AutoCAD 2009 with the Classic User Interface
In earlier releases, AutoCAD used primitive entities — such as lines, polylines, circles, arcs, and text — as the foundation for more complex objects. Since the mid-1990s, AutoCAD has supported custom objects through its C++ API. Modern AutoCAD includes a full set of basic solid modeling and 3D tools, but lacks some of the more advanced capabilities of solid modeling applications. With the release of AutoCAD 2007 came improved 3D modeling functionality. Which meant better navigation when working in 3D. Moreover it became more easy to edit 3D models. The mental ray engine was included in rendering, it was now possible to do quality renderings.
AutoCAD supports a number of application programming interfaces (APIs) for customization and automation. AutoCAD's native file format, DWG, and to a lesser extent, its interchange file format, DXF, have become de facto standards for CAD data interoperability. AutoCAD in recent years has included support for DWF, a format developed and promoted by Autodesk for publishing CAD data. In 2006, Autodesk estimated the number of active DWG files to be in excess of one billion. In the past, Autodesk has estimated the total number of DWG files in existence to be more than three billion.
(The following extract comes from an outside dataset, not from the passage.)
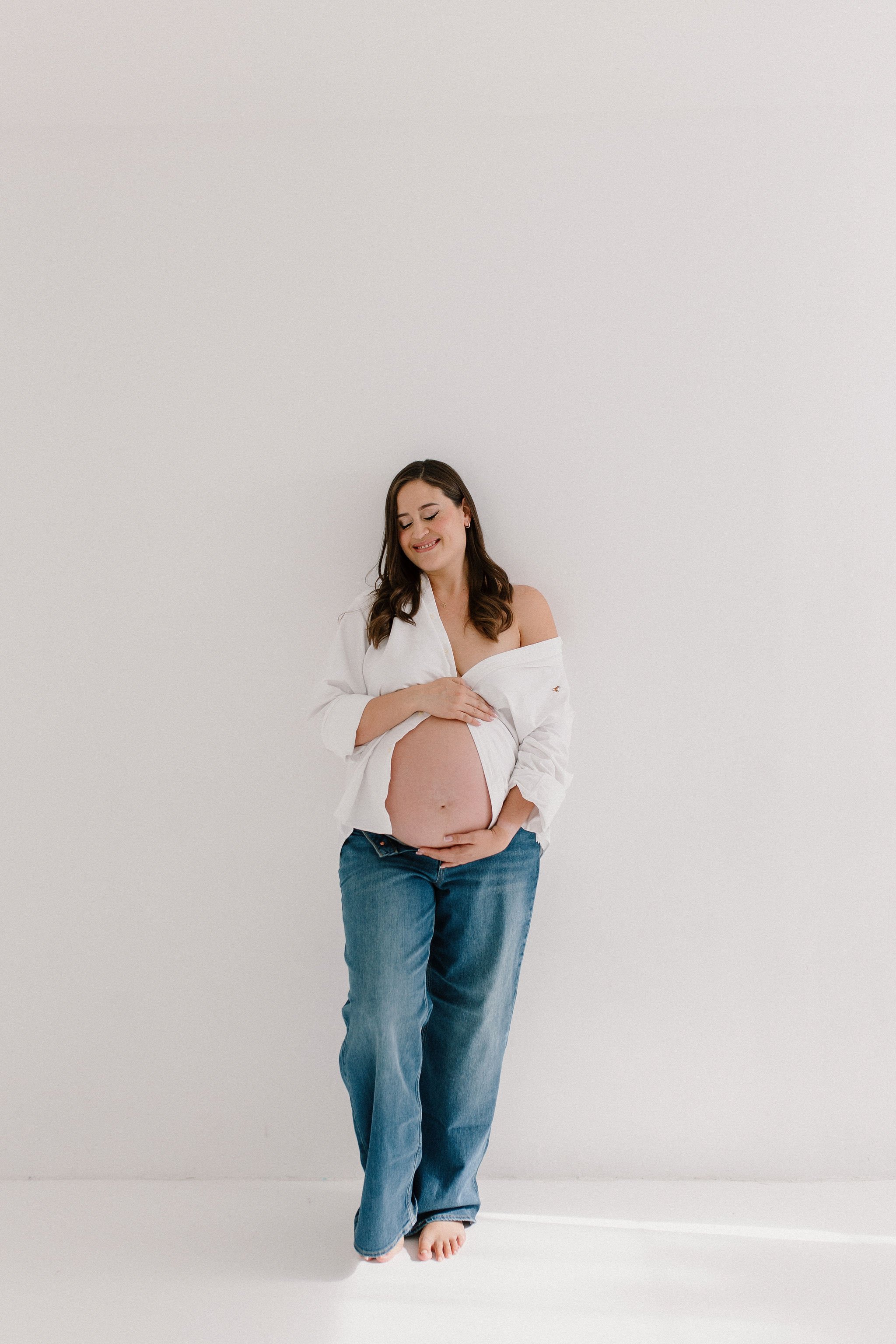 Scottsdale Arizona Maternity Photographer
AutoCAD currently runs exclusively on Microsoft desktop operating systems. Versions for Unix and Macintosh were released in the 1980s and 1990s, but these were later dropped. AutoCAD can run on an emulator or compatibility layer like VMware Workstation or Wine, albeit subject to various performance issues that can often arise when working with 3D objects or large drawings.
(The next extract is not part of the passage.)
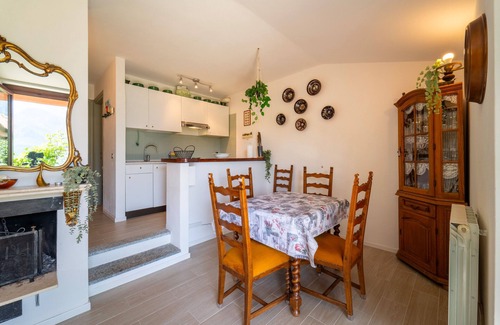 Civenna Apartamento | Panorama Lake and Garden by Wonderful Italy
AutoCAD and AutoCAD LT are available for German, French, Italian, Spanish, Japanese, Korean, Chinese Simplified, Chinese Traditional, Russian, Czech, Polish, Hungarian, Brazilian Portuguese, Danish, Dutch, Swedish, Finnish, Norwegian and Vietnamese. The extent of localization varies from full translation of the product to documentation only.
AutoCAD LT is a "scaled down" version of AutoCAD. It costs less (approx. $1300.00 USD versus around $4,050 USD for the full AutoCAD). It is also available for purchase at computer stores, unlike AutoCAD which has to be purchased from an official Autodesk dealer. It was developed so Autodesk could have an entry-level CAD package available to compete in that price class. Today AutoCAD LT is marketed as a CAD package for those who only need 2D functionality. Compared to the full edition of AutoCAD, AutoCAD LT lacks several features. Most notably, it has no 3D modeling capabilities (though it has a full suite of 3D viewing functions for looking at 3D models created in other CAD packages) and does not include any programming interfaces, such as support for most 3rd party programs and does not support LISP programs. A full listing of differences is on the Autodesk website. AutoCAD LT originated by taking the codebase of AutoCAD and commenting out substantial portions, which allowed AutoCAD and AutoCAD LT to be developed simultaneously.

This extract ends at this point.